**Information:**
━━━━━━━━━━
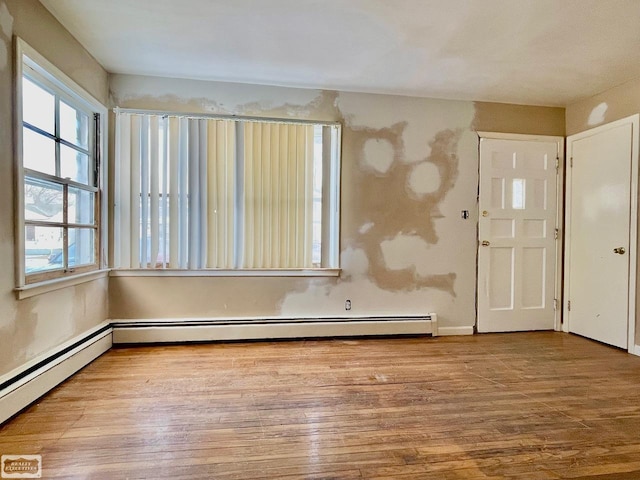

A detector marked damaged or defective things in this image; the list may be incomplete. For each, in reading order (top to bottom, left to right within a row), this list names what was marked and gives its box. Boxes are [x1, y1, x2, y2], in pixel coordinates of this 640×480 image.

damaged plaster wall [0, 0, 109, 376]
damaged plaster wall [111, 74, 564, 330]
damaged plaster wall [564, 78, 640, 344]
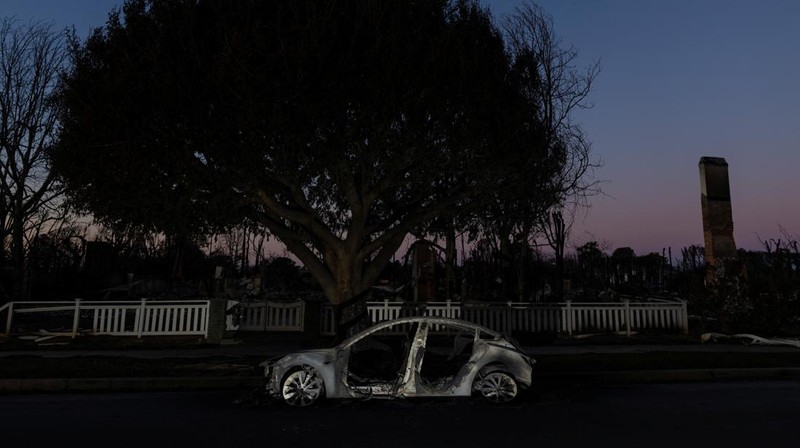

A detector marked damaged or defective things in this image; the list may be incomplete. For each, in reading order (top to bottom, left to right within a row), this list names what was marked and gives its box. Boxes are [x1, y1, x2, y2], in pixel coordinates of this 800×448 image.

burned car [264, 316, 536, 406]
charred car body [264, 316, 536, 406]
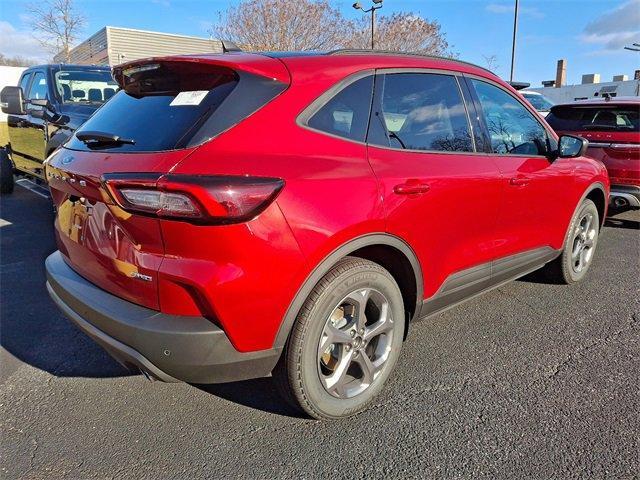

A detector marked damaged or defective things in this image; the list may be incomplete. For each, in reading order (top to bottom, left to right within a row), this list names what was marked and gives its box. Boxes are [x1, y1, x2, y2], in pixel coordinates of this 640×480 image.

cracked pavement [1, 186, 640, 478]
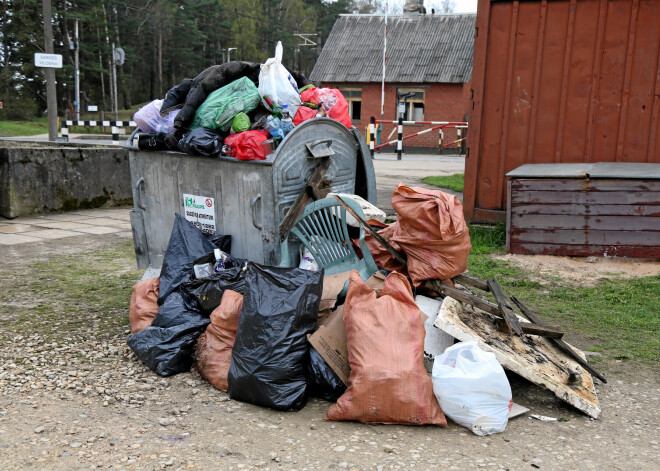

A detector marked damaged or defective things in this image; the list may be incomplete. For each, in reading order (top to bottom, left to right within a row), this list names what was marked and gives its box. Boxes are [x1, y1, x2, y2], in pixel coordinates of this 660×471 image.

rusty metal panel [466, 0, 660, 221]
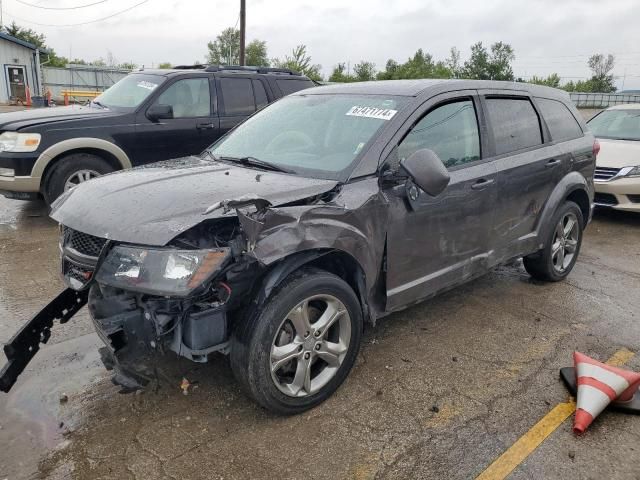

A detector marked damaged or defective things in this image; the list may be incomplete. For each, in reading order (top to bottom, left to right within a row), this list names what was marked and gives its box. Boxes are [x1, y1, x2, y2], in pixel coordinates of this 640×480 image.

crumpled hood [0, 103, 120, 129]
crumpled hood [596, 137, 640, 169]
crumpled hood [50, 158, 338, 246]
broken plastic bumper piece [0, 288, 87, 394]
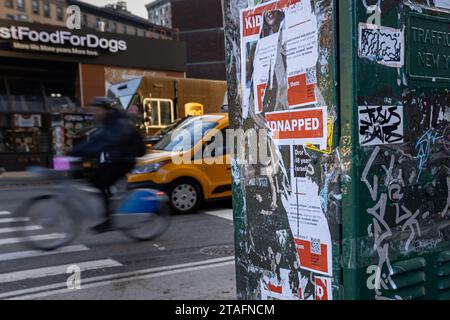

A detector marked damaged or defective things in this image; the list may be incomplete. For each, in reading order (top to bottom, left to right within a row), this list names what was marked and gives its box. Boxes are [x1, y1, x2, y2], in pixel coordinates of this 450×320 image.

torn poster [241, 0, 318, 115]
torn poster [358, 22, 404, 68]
torn poster [266, 105, 326, 149]
torn poster [358, 105, 404, 146]
torn poster [288, 146, 334, 278]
━━━━━━━━━━
**Task description:** Write out exactly those lines running from the line with "this 450×320 image." to the end of the data above, the first and last included.

**Task result:**
A detector marked damaged or defective things in this image; the list may be incomplete. For each, in reading order (top to bottom, left to right within a row), this list names what was marked and gives its box. Boxes are [x1, y1, x2, y2], in pixel coordinates of this 450×320 image.

torn poster [241, 0, 318, 115]
torn poster [358, 22, 404, 68]
torn poster [266, 105, 326, 149]
torn poster [358, 105, 404, 146]
torn poster [288, 146, 334, 278]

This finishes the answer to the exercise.